Jia Zhang-Ke, Dits et écrits d’un cinéaste chinois (1996-2011), Editions Capricci, Paris, 2012.

Trois films "Xiao Wu, artisan pickpocket", "The Worlds", "Still Life" ont suffi à Jia Zhang-Ke pour être considéré à juste titre comme le plus grand cinéaste contemporain. A son compteur aujourd’hui une dizaine de longs métrages. Ses " dits et récits " offrent le témoignage du réalisateur à la fois sur son esthétique (qui est une éthique - nous y reviendrons) et sur la condition du cinéma chinois mais pas seulement.

Interviews, textes de conférence représentent une forme d’hygiène pédagogique ancrée dans l’histoire de la Chine pour raconter son cinéma.
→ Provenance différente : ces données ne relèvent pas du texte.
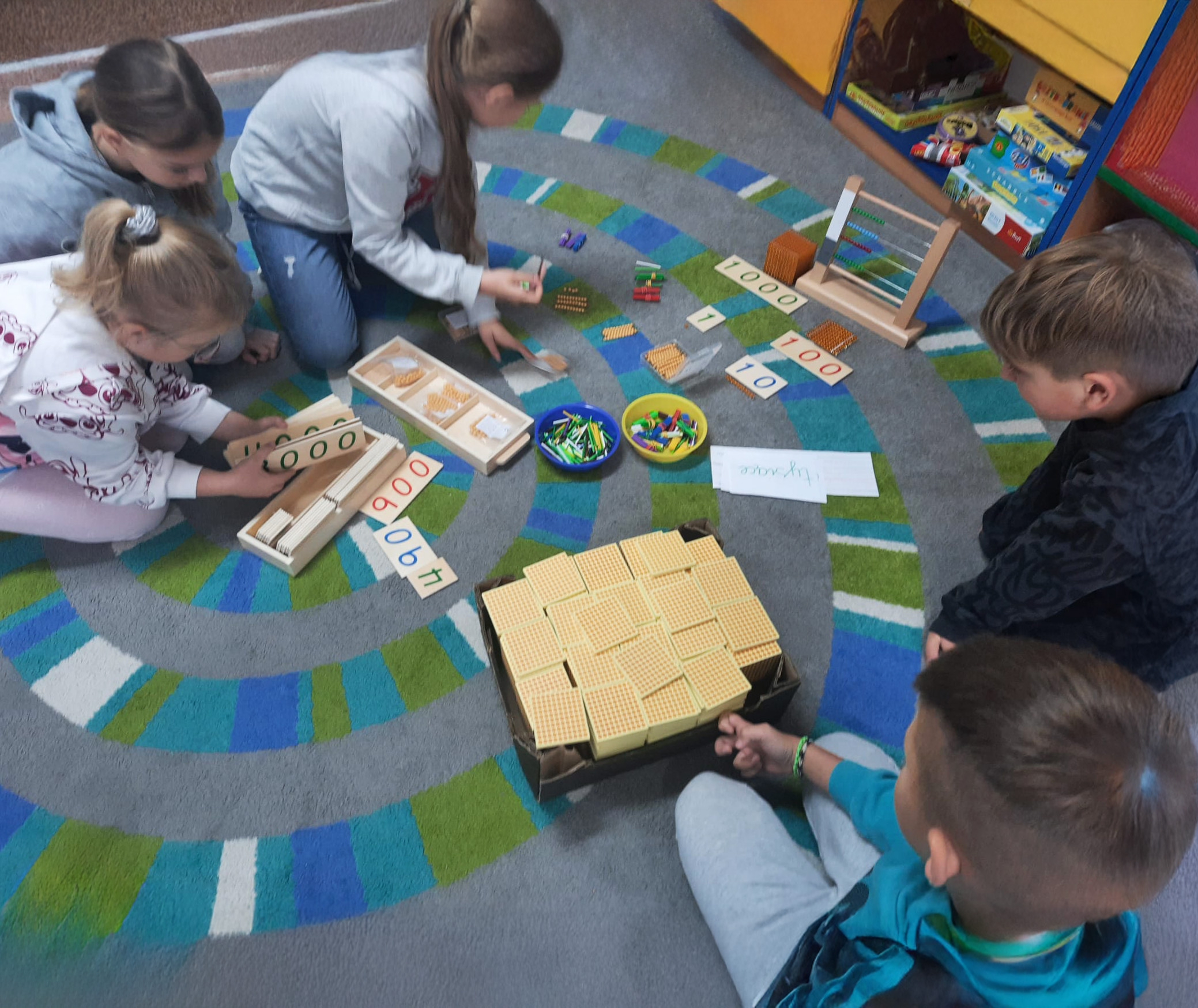 Dzieci robią obliczenia z wykorzystaniem małego liczydła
Sans phrases imbroglios ni pirouettes, avec le pur plaisir de dire au plus juste Jiu Zhang-Ke parle de son art avec lucidité et émotion. Toute l’attention qu’il porte à son travail et à ses enjeux est là. Le livre permet donc - pour beaucoup de lecteurs - une première entrée dans un cinéma encore méconnu mais qui peu à peu va envahir le monde.

Le réalisateur souligne la ruse nécessaire afin de dégager les foules d’une certaine idéologie - ou plutôt d’une idéologie certaine - et les appâter par des attraits sensuels et romanesques sans tomber dans une superficielle diversion au souci de vivre. Pour Zhang-Ke le cinéma se doit une autre ambition.

Il explique comment pendant le maoïsme une certaine vulgarité s’est renforcée et comment le cinéma a pu effectuer un retour loin des stéréotypes. "Le vécu personnel, les sensations physiques avaient peu à peu disparu au profit d’un courant dominé qui s’était substitué à eux" écrit celui qui garde une fois à une culture chinoise plus profonde et dont "le fondement est inébranlable".

Toutefois Zhang-Ke ne se limite pas à une vision étroite et nationaliste de son art. Par exemple les pages magistrales sur Ozu ou sur les réalisateurs taïwanais Hou Hsiao-Hsienet Tsai Ming Liang permettent de prouver une largeur de vue même face au cinéma de pays plus ou moins ennemis héréditaires de l’Empire chinois.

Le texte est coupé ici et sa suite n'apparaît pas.